Arrow, malûm, İngilizce “ok” demek. Bütün diğer kahramanların gerçek adları, Arrow’un ise böyle bir lâkabı var. Yazar, Danimarka Radyosu’nda bir belgesel izlemiş. Strijela (Ok) takma adını kullanan Bosnalı bir kadın keskin nişancıyla konuşuyorlarmış. Not almış, ama sonra bir türlü bulamamış. Belki de hayatta değildir, diyor. Arrow tipini böyle yaratmış.

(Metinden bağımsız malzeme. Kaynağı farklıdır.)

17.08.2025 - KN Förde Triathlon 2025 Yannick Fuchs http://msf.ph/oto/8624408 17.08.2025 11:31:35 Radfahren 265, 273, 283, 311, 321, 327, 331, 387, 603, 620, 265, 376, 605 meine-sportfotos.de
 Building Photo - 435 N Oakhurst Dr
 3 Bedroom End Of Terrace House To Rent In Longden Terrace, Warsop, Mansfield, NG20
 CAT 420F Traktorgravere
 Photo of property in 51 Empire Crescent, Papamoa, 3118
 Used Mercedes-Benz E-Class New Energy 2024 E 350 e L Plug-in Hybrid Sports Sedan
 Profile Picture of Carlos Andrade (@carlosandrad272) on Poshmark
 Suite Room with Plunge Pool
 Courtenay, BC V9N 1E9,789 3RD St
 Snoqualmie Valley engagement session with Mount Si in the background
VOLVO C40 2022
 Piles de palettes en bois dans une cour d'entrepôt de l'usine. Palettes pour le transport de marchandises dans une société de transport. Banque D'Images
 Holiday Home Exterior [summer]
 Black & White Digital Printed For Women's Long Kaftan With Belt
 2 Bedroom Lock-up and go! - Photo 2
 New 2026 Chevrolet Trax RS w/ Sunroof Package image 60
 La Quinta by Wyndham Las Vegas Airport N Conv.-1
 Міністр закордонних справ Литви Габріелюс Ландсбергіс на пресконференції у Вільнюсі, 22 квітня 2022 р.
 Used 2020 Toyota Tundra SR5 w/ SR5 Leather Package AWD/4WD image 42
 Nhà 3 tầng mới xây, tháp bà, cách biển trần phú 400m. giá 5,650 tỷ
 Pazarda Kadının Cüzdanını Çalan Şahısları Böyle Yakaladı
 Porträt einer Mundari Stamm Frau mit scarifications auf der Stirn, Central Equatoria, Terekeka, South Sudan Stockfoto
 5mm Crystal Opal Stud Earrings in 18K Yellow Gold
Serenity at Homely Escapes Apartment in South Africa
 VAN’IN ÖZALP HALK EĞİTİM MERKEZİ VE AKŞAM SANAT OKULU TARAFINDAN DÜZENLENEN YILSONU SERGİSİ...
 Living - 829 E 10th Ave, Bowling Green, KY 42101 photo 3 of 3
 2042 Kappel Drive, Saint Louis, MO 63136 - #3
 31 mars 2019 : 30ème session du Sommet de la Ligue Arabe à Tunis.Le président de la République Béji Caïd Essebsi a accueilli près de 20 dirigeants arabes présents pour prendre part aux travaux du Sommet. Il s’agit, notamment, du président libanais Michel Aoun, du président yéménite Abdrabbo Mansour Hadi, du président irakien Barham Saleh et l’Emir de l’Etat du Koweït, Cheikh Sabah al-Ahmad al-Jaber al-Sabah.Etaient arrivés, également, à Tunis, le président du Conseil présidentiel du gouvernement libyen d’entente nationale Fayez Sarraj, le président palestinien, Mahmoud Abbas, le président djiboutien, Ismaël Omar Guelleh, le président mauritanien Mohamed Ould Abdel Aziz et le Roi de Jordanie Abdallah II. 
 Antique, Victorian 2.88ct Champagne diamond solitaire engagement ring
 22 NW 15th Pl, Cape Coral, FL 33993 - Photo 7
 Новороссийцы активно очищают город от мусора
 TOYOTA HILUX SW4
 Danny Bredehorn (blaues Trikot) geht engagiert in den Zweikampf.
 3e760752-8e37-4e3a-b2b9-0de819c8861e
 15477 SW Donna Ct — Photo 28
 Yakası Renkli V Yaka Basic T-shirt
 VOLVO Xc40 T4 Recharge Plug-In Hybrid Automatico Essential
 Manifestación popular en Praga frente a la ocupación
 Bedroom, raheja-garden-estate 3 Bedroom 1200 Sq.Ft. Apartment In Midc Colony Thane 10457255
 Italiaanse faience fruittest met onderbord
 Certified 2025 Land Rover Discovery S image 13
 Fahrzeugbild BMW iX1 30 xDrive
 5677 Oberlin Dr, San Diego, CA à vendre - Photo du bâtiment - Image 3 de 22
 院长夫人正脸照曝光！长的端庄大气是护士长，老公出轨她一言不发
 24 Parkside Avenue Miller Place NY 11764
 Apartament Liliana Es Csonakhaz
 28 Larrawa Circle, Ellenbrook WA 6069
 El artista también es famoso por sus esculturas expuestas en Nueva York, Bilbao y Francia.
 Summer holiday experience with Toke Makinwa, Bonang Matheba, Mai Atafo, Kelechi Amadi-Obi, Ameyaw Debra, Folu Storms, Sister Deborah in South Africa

Romanda Arrow, gencecik bir kız. Savaş başladığında Saraybosna Üniversitesi’nde öğrenci ve atıcılık takımında. Nişancılığı buradan geliyor. Savunma güçleri bir süre sonra buluyorlar onu. “Göreve” ve silâhaltına çağırıyorlar. Hayatında tüfeğini hiçbir canlıya doğrultmamış. Çok direniyor bu fikre. Zar zor ikna oluyor. Bazı şartlar koşuyor : asla “hedef gösterici” (spotter) istemem, tamamen yalnız ve bağımsız çalışır, hedeflerimi sırf kendim seçerim, diyor; bir. İkincisi, Arrow adını alıyor ve gerçek ismini bir daha asla telaffuz etmiyor. Zira zamanla biraz alışsa da, Arrow’a göre bu hayat gerçek hayat değil ve bu işi yapan, yani insan öldüren de kendisi değil. Geçmişini, masum güzelliklerle dolu çocukluğunu, yaşam sevincinden ağladığı ilk gençliğini, kafasında bir yerde dondurmuş. O kişiye, o insana âdeta dışarıdan bakıyor. Adını anmaması, bu hali yansıtıyor.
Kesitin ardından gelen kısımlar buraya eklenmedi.